Choreographed, indeed.

Like Made in Chelsea?
[slipping back into normal voice] No, and if you'd ever done it you would know it hurts like fuck. I did it for two years and I don't do it any more because I'm a pussy.

I did do it. I used to do it a lot, actually… WTF, are you wearing wellies?
Yes.

These guys had bought their belts off the internet. Apparently they don't make the one that Hassan (right) is holding any more, so he had to pay some guy on eBay £250 for the buckle and then get a custom real-leather strap fitted for another £150. Nathan's shabby old thing only set him back £230. He assured me, though, that he was getting it "re-leathered" soon and has “a glass cabinet at home that I keep my belts in”, which really put my mind at rest. All in, Hassan reckons he's spent £2,000 on wrestling belts, while cheapskate Nathan guessed “maybe £1,500”.
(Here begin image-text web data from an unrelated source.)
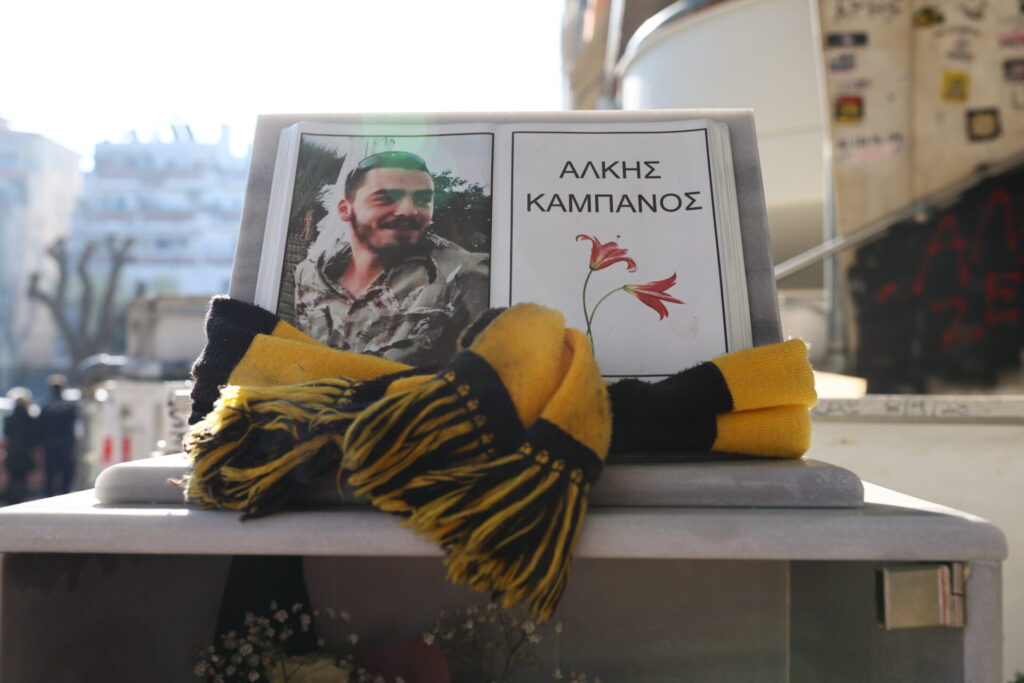 τρία-χρόνια-από-τη-δολοφονία-του-άλκη-κ-1274451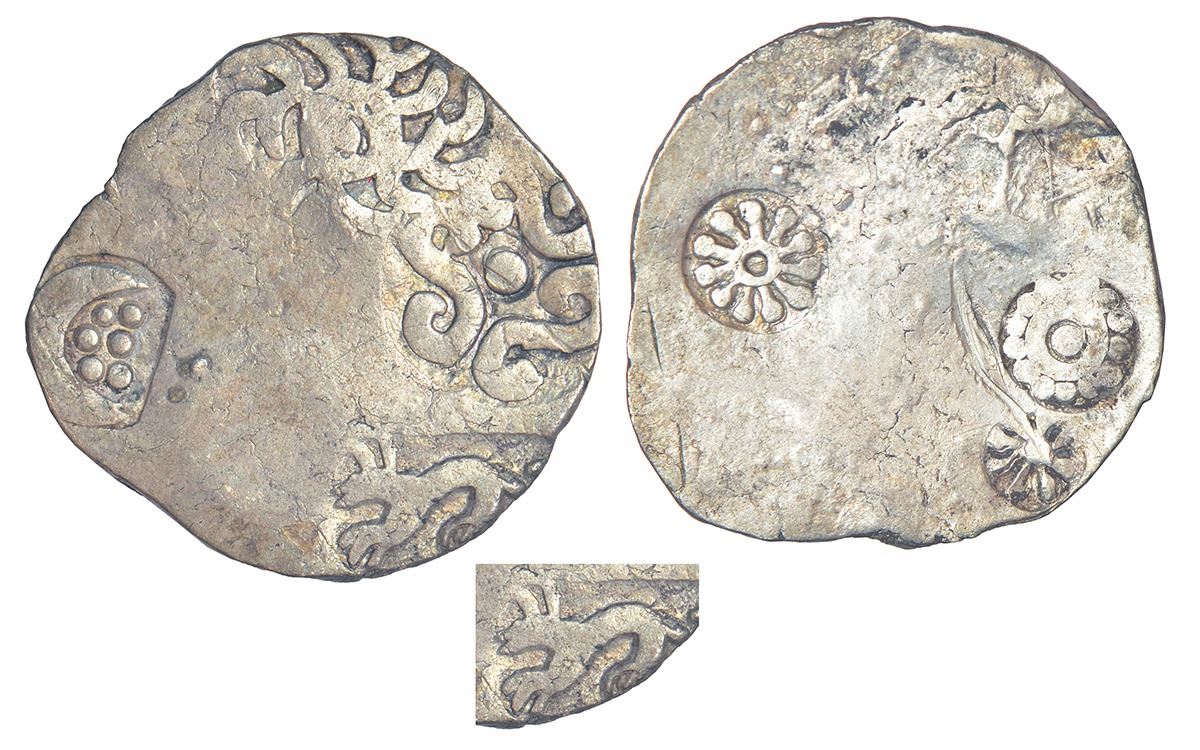 Punch Coin Ancient India: Archaic silver punch-marked coin - middle Ganges valley ...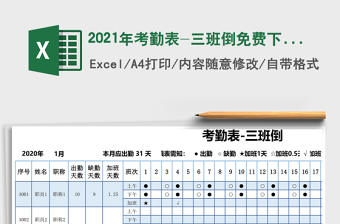 2025年考勤表-三班倒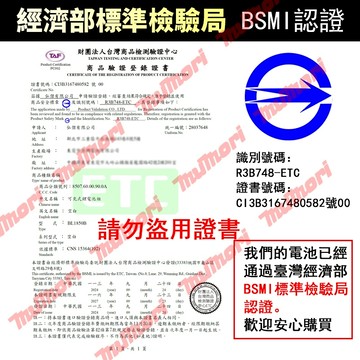 隔日達 台灣現貨 可定制 可適用於原廠副廠  晶片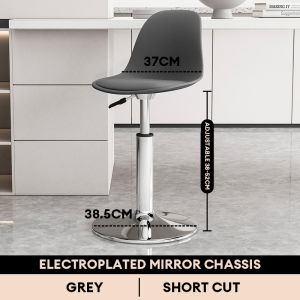 IAKE-Bar Chair Adjustable Lift chair Circular Chair Counter Chair Leisure Chair High Chair Backrest Chair  PP Material Chair Dining Chair Coffee Chair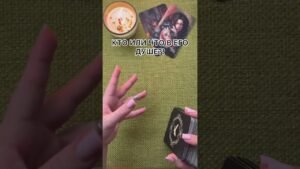 Leia mais sobre o artigo КТО ИЛИ ЧТО В ЕГО ДУШЕ?! #таро #любовь #tarot #гаданиетаро #таронаотношения  #таролог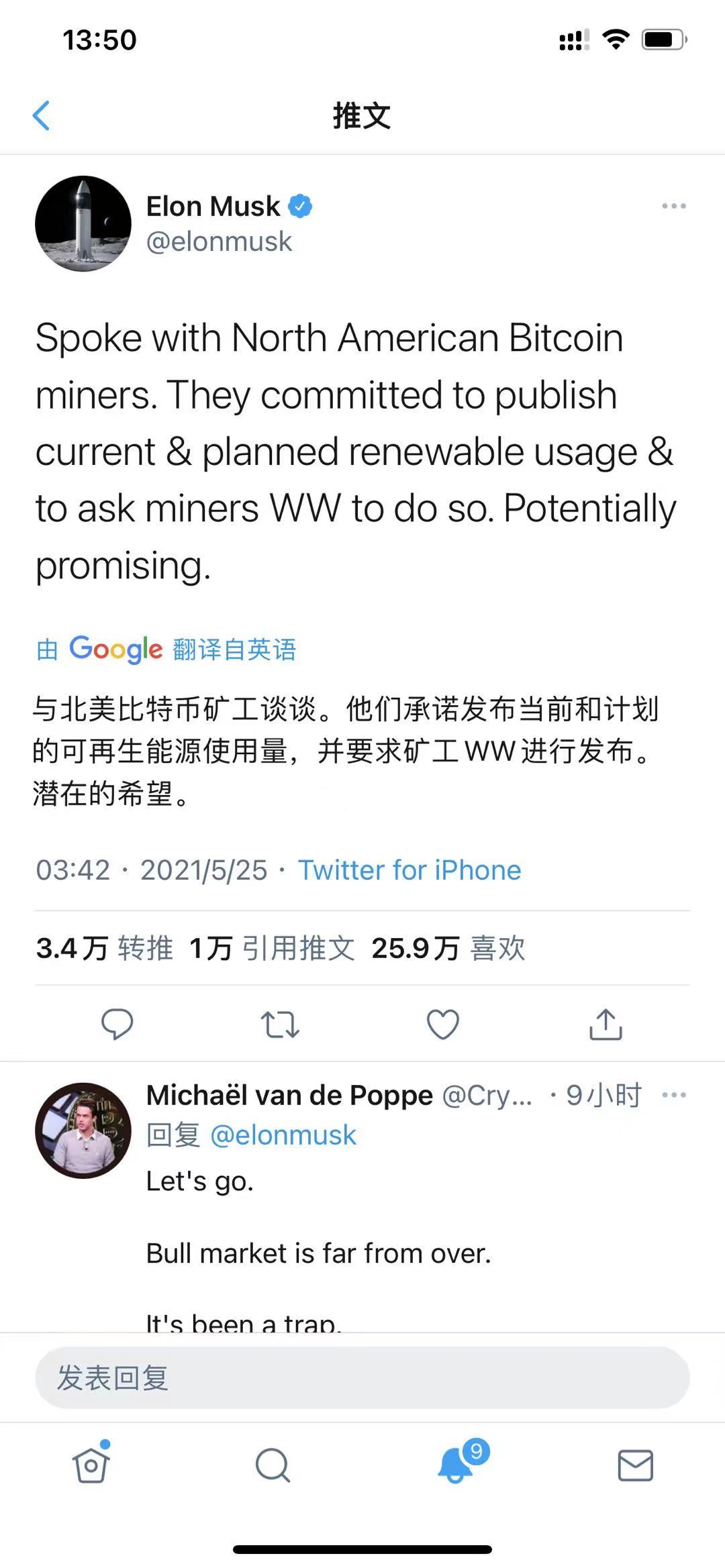 巴比特观察丨市场暴跌期间，这些机构谁会是你的“朋友”？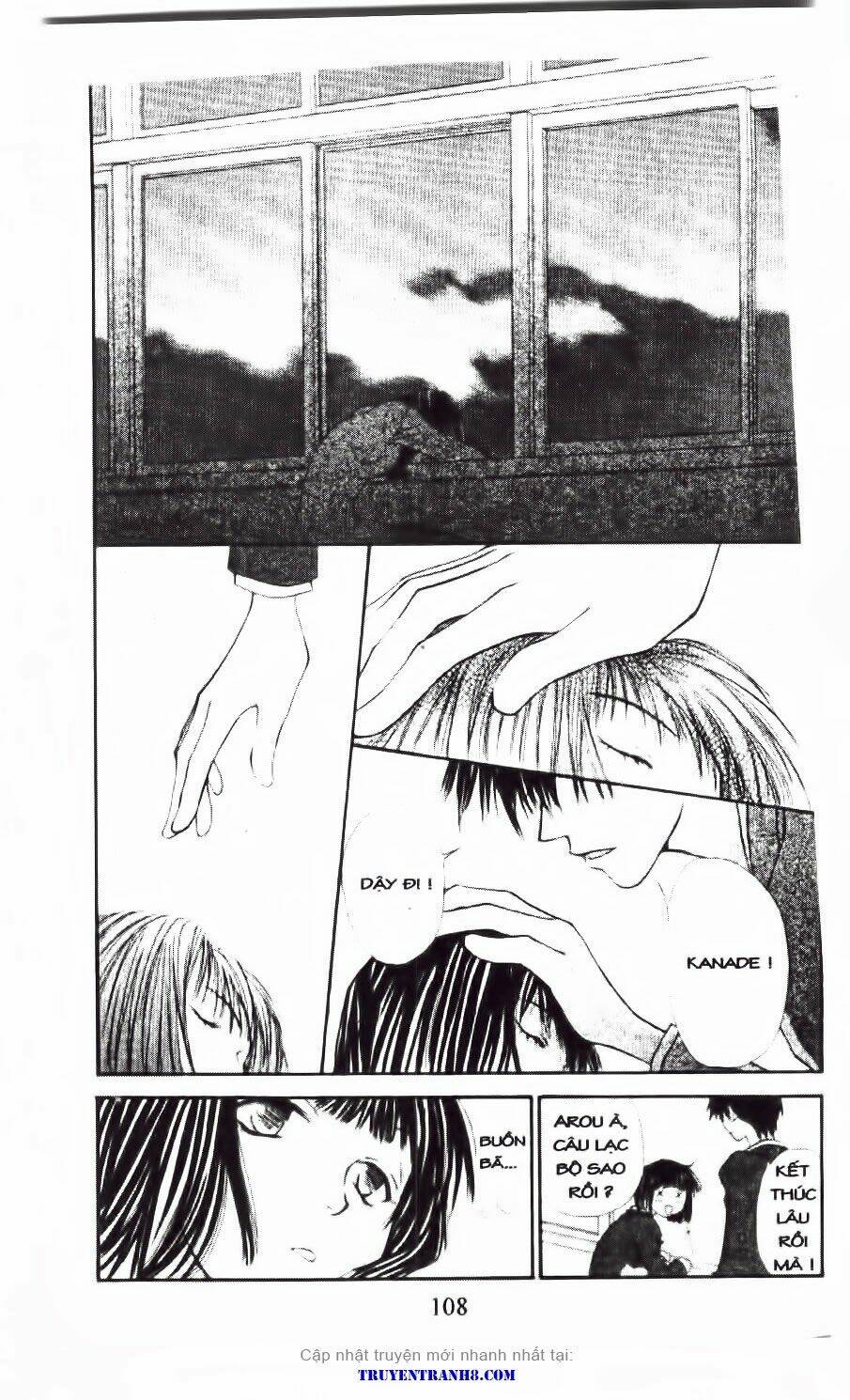 land of the blindfolded chapter 18 31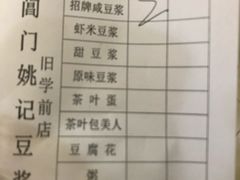 菜单-阊门姚记豆浆(旧学前直营店)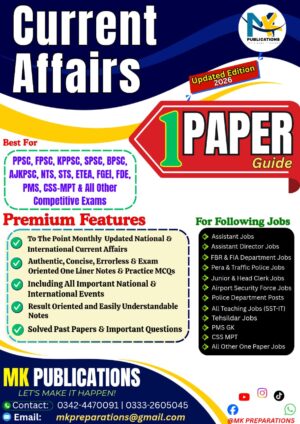 Current Affairs Best Notes 2023, 2024, 2025, 2026 - One Paper Jobs Preparation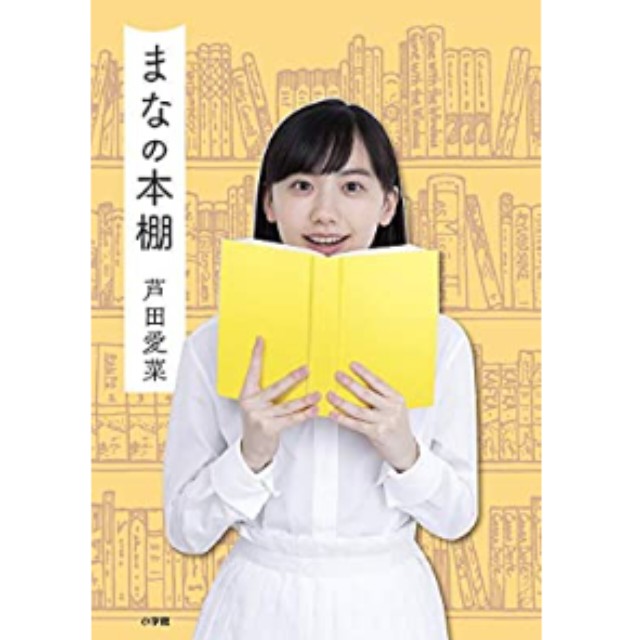 f:id:fruitmix:20200926072544j:plain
As you might be able to discern from the picture, these guys were big fans of "CM Punk", which isn't a musical genre, but actually a muscle-bound, straight edge wrestler. Daniel (left), who actually is straight edge, said that he loved how CM Punk was giving people who hate parties the hero they desperately need in the sports entertainment world, but also acknowledged that it might just all be, y'know, not as authentic as Fugazi.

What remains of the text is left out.